A lot of what you described was similar to my DD who was diagnosed as autistic when she was 10 and adhd aged 14. The diagnosis makes little difference though to how we parent her just gives others a heads up she may need more support. The PDAsociety.org.uk website has helpful parenting tips for communicating with children like you have described. It can take a bit of getting used too phrasing things so they don’t sound like demands but get them to do what you need them too. Recognising that school is utterly exhausting for a child whose brain maybe wired a bit differently so after school we had the classic coke bottle explosion daily yet in school my DD was quiet, compliant very intelligent child until the point she couldn’t cope. Hopefully he’s just finding the new school term tiring and needs bit more reset quiet space to destress from his day.
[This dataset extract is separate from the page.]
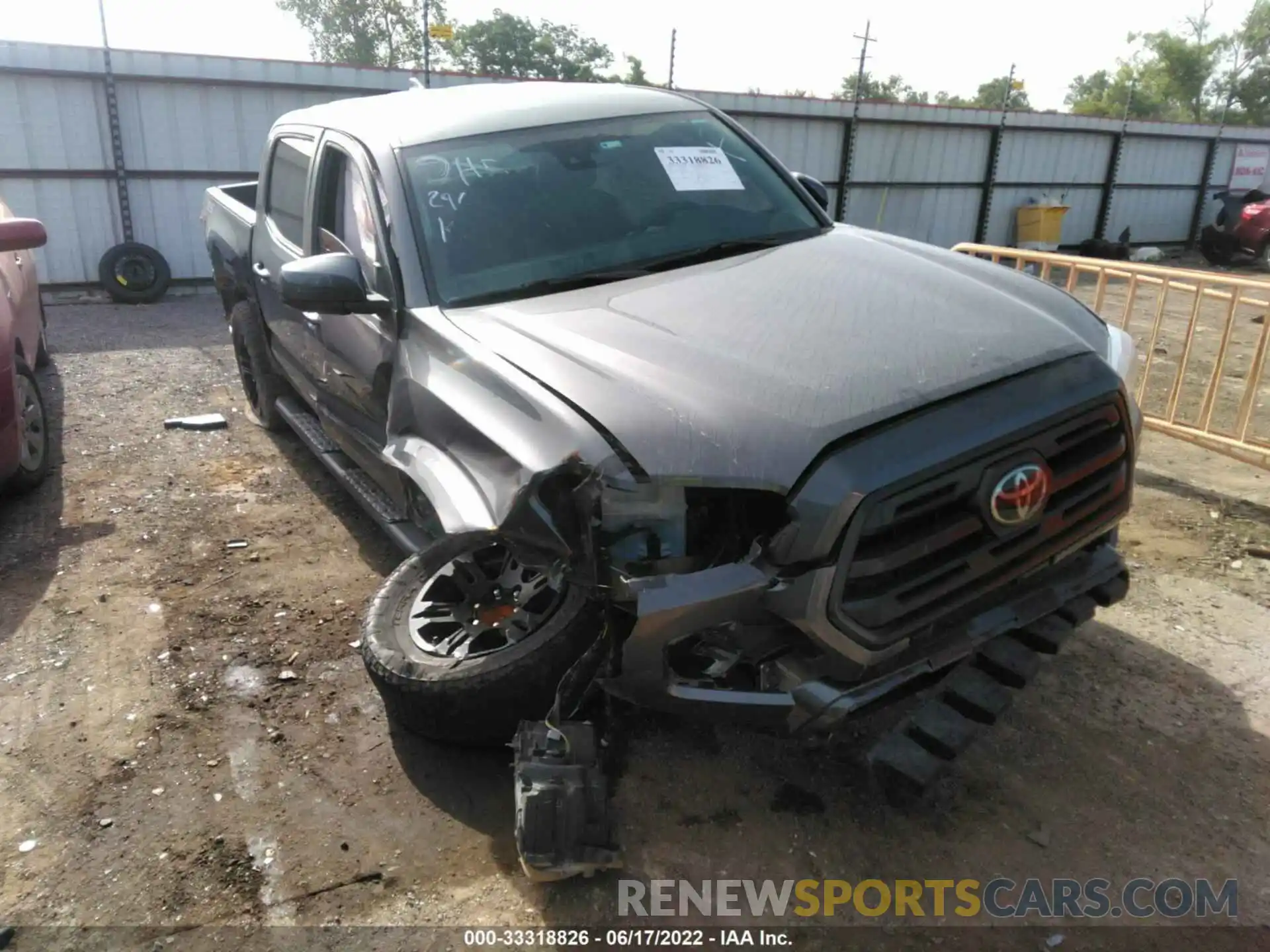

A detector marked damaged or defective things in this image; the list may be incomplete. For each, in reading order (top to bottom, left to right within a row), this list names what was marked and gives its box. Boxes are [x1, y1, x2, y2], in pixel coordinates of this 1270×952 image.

User69611 · 01/10/2025 05:11

Sounds like autism to me too, although sounds like you don’t want to hear that right now. Agree with the helpful post above, look up PDA. Not winning every game triggers a huge fight or flight response stemming from anxiety. As he loses control/isnt “ahead” or above others. Looks like spoilt behaviour but it’s not. In order to help regulate him you can let him “win” every game; allow him to control as much as possible at home, reduce direct demands (using non-declarative language when you need things done, helpful book about this is called the non declarative handbook). Look up At Peace parents on social media, I found her incredibly validating and helpful when changing parenting tactics with similar challenges. Now things are a lot calmer. Good luck, it’s very hard x

Flanderspanders · 01/10/2025 07:56

Thanks @FlyBoots and @User69611. I appreciate your advice and I'll definitely check out the things you mention.

I guess with autism, my reservations are that he also demonstrates a number of traits I wouldn't necessarily expect to see. For example he does maintain eye contact very well and has never we struggled with that. He doesn't struggle with transitions. He seems to pick up on my emotions well too. For example if I seem annoyed or stressed about something he'll pick it up from my voice and say "are you a bit stressed? Your voice sounds different". But I suppose I don't actually know if that's him expressing empathy, or just learning reactions.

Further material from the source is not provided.